Specific findings from the three studies include:
Niacinamide enhances mitochondrial function in human skin fibroblasts and keratinocytes
Niacinamide helps to fight the effects of oxidative stress on human skin keratinocytes
Niacinamide can balance the key properties of human skin keratinocytes, including differentiation, proliferation, senescence and stem cell properties.
The beauty company showcased its findings at the recent International Investigative Dermatology annual meeting.

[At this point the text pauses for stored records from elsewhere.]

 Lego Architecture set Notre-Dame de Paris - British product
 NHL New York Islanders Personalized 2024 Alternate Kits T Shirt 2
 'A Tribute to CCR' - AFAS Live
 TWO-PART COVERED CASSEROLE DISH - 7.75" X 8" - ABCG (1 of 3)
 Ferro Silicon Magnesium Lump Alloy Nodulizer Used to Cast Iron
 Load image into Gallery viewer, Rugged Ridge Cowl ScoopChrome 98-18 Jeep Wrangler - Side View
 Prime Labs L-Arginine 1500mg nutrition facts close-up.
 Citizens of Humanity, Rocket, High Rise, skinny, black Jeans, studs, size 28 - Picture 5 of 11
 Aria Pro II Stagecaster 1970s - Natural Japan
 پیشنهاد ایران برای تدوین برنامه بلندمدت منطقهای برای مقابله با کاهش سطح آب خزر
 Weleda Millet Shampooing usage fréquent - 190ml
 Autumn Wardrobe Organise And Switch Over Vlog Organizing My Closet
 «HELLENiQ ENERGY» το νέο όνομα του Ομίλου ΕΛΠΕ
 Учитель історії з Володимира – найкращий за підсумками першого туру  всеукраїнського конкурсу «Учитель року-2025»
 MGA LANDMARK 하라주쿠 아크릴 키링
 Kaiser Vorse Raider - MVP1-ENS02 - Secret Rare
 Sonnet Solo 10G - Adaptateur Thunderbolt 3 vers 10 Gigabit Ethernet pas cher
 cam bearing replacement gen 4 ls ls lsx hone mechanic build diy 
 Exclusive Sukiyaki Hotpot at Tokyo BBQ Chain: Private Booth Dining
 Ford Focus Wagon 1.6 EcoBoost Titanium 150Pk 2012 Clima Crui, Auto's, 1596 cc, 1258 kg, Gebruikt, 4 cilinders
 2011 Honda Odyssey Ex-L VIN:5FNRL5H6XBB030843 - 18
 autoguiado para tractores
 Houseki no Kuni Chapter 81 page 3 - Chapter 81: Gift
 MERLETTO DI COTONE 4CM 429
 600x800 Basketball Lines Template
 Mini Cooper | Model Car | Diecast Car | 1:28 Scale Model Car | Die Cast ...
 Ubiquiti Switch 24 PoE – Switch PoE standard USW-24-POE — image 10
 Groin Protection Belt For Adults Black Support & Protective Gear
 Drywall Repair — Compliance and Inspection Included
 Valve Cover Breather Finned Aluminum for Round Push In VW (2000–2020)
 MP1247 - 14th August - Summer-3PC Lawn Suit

The research was conducted by Olay researchers in partnership with Newcastle University (UK) and Agency for Science, Technology & Research’s (A*STAR) Institute of Medical Biology (IMB) in Singapore.
Details on the research
Olay has released further details on the three studies, offering insight into the specific skin mechanisms impacted by niacinamide.
Principal Investigator at IMB, Dr. Sophie Bellanger, comments: “The loss of tissue-specific stem cells is proposed as a general phenomenon occurring during chronological ageing.
“This could be particularly detrimental to skin that relies on epidermal stem cells to be constantly renewed.
“We are thrilled to present this new set of data that pinpoints niacinamide as a promising tool to improve skin rejuvenation through regulation of the proliferation/differentiation balance of keratinocyte stem cells”.
Enhancing mitochondrial function in human skin
One of the studies was conducted by Professor Mark-Birch Machin, Professor of Molecular Dermatology at Newcastle University, and Dr John Oblong, Principal Scientist at P&G.
It reveals that niacinamide is proven to enhance mitochondrial function in young and old human dermal skin cells (fibroblasts), according to Olay.
The results of the study prove that niacinamide increases mitochondrial function in cells (specifically complexes I and IV activity) from both young and old donors by approximately 21% in skin cells after 7 days of treatment.
Helping fight the effects of oxidative stress on human skin keratinocytes
The second study presented was conducted by Olay scientists (Dr. John Oblong) and the team of Dr. Sophie Bellanger, Principal Investigator in IMB (Singapore).
It looked into the effect of niacinamide on photoaged skin and on skin submitted to oxidative stress.
According to Olay, its results prove that niacinamide has a positive effect when it comes to fighting enhanced differentiation and premature skin ageing induced by oxidative stress and/or UV exposure.
Balancing the key properties of human skin keratinocytes
The final study suggests niacinamide can balance elements of skin keratinocytes, including differentiation, proliferation, senescence and stem cell properties.
For this research, Olay and IMB scientists looked at the cellular pathways involved in niacinamide’s anti-ageing activity on human skin.
They found that niacinamide prevents epidermal stem cell loss during ageing in vitro, most likely through maintenance of metabolism over time.